* **ABOUT THIS EXERCISE**: Print the whole listing again exactly, keeping no pictures in it.

* **RECORDS SHOWN**:

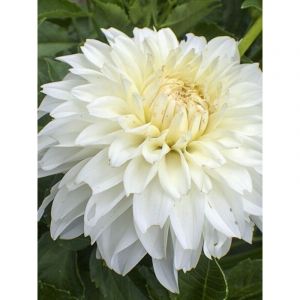 Dahlia g&eacute;ant d&eacute;coratif 'Lady Liberty' Bulbe calibre I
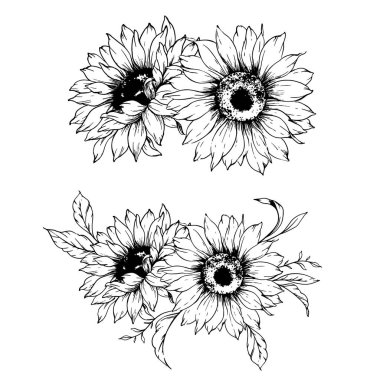 Ayçiçeği çizimi. Sunflower illüstrasyonunu özetle. El yapımı ayçiçeği silueti. Tek Renkli Çiçek Hattı Sanatı. Mürekkep Ayçiçekleri Paketleme için çizim, etiketler. 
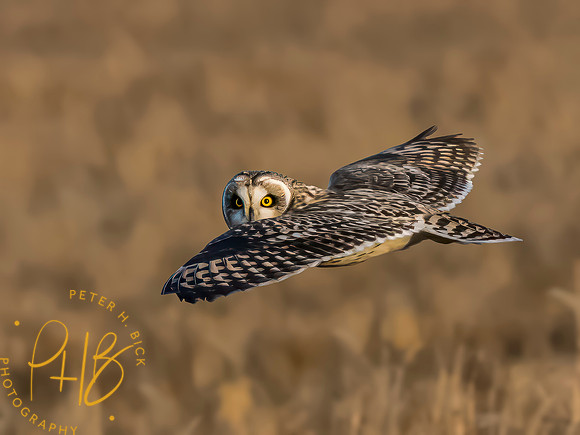 Indiana Birds and Wildlife 2023 13149-Edit-2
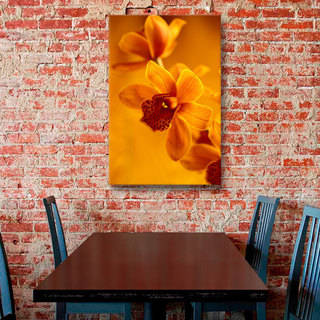 Art Wall Kathy Yates 'Golden Cymbidium Orchid' Gallery-Wrapped Canvas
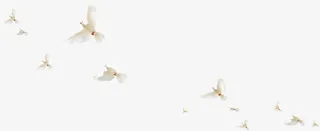 行行白鸽促销海报设计免抠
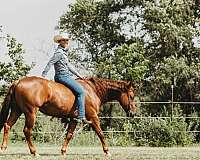 aqha-gelding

* **TASK SOLUTION**:
 Dahlia g&eacute;ant d&eacute;coratif 'Lady Liberty' Bulbe calibre I
 Ayçiçeği çizimi. Sunflower illüstrasyonunu özetle. El yapımı ayçiçeği silueti. Tek Renkli Çiçek Hattı Sanatı. Mürekkep Ayçiçekleri Paketleme için çizim, etiketler. 
 Indiana Birds and Wildlife 2023 13149-Edit-2
 Art Wall Kathy Yates 'Golden Cymbidium Orchid' Gallery-Wrapped Canvas
 行行白鸽促销海报设计免抠
 aqha-gelding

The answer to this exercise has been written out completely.